In 2022–2023, Gojo accessories dominated by volume: 38% of all accessory-focused posts featured his blindfold, glasses, or cloak clasp. Nanami accounted for 6%. This year? Gojo dropped to 14%. Nanami jumped to 29%. Not because people stopped loving Gojo—but because they stopped needing to *announce* him. His symbolism had saturated. It was ambient. Nanami’s, by contrast, was still being *decoded*.

His tie isn’t just a prop. It’s a hinge. It signals competence without flash, authority without spectacle, exhaustion without defeat. In a fandom that spent two seasons watching characters scream, shatter, and resurrect themselves in neon-lit chaos, Nanami’s quiet refusal to raise his voice—even while bleeding out in Shibuya—landed like a held breath.

“We Stopped Dressing Like Characters. We Started Dressing Like Their Decisions.”

That’s how Rina Tanaka, co-organizer of the Kyoto meetup, put it over matcha and slightly-too-crisp senbei. She’s been cosplaying since high school, did her first Nanami at Comiket 2022—“just the tie, a cheap blazer, and I kept adjusting it during photos, like I was annoyed by the whole thing. People asked if I was ‘doing Nanami’ or ‘doing tired salaryman.’ I said: same thing.”

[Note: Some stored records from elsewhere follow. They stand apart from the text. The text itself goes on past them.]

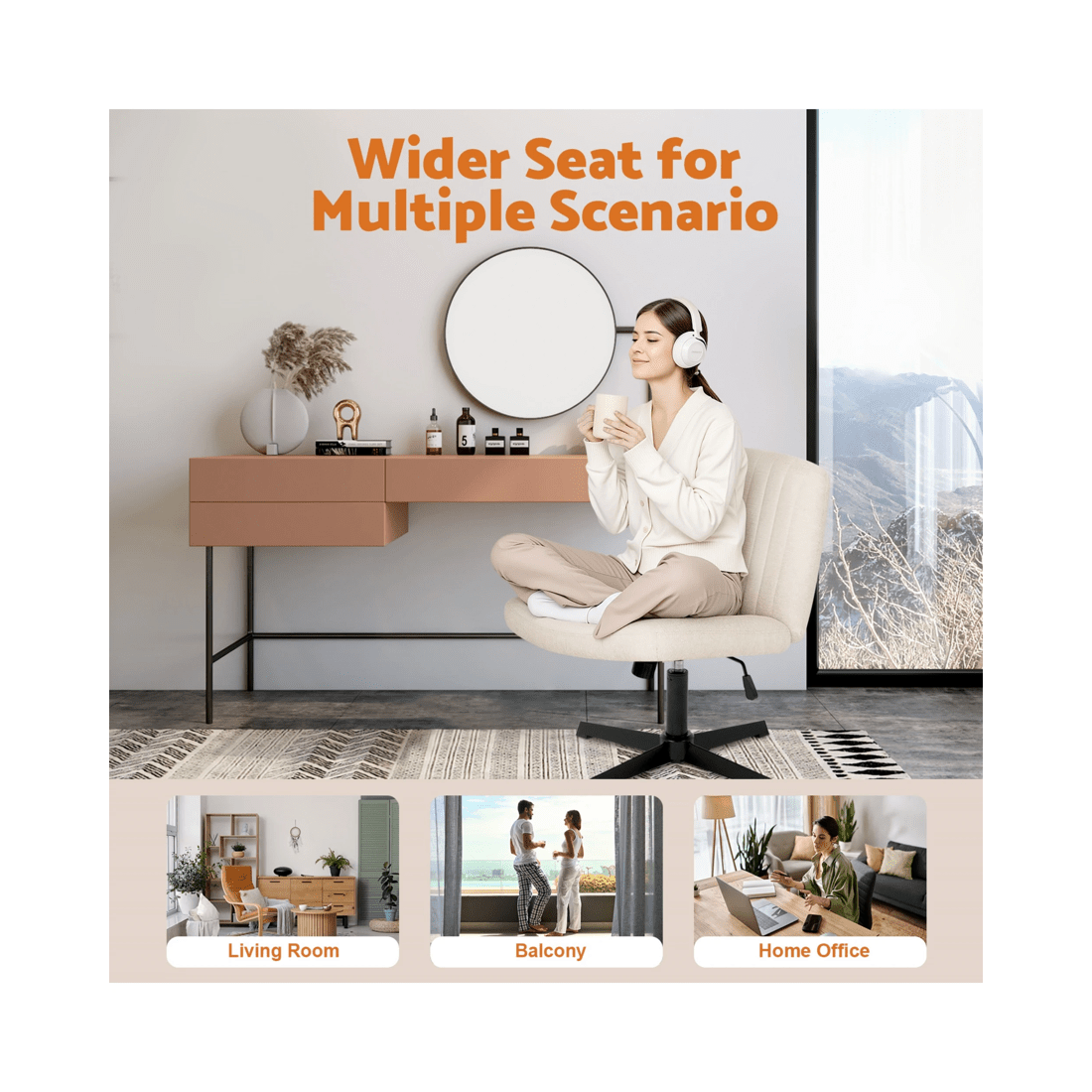 9 Advwin Armless Office Chair Beige, 9 of 9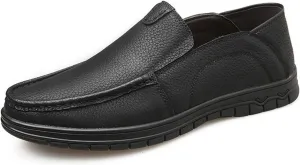 Mens Loafers Slip On Simple Driving Loafers Leather Anti-Slip Comfortable Flat Heel Casual Wedding Slip-ons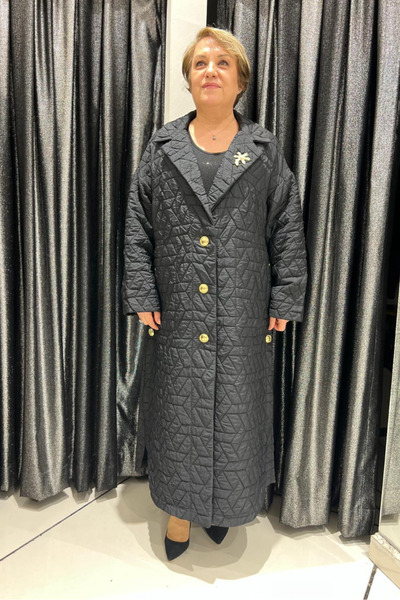 selma Büyük Beden Kapitone Altın Düğmeli Broş Detaylı Pardesü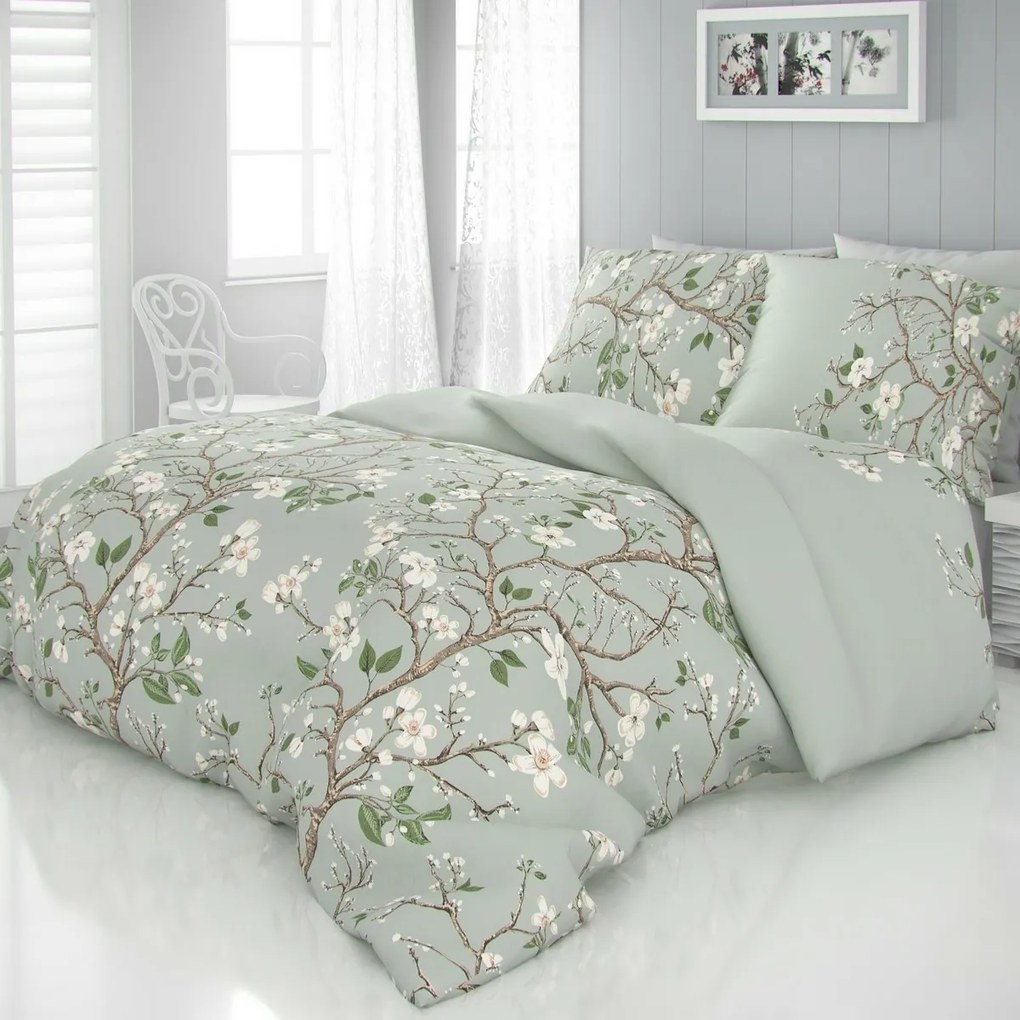 Lenjerie pat satin Primăvara verde, 240 x 220 cm, 2 buc. 70 x 90 cm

She showed me screenshots from their internal Discord: not mood boards, but *timing logs*. Members tracking when Nanami adjusts his tie in S2 (Ep. 13, 17, 22, 24), comparing angles, debating whether the knot loosens *before* or *after* he decides to fight Mahito. They’re not replicating aesthetics—they’re reverse-engineering intention.

“Gojo’s power is visual grammar,” Rina said. “You see the blue, the glow, the smirk—you understand *immediately*. Nanami’s power is subtextual grammar. You have to know what the tie means *in context*: that it stays knotted even after he’s thrown across a train platform, that he re-ties it *while* coughing up blood, that he doesn’t touch it when he’s lying down dying—because then it’s not about control anymore. It’s about dignity.”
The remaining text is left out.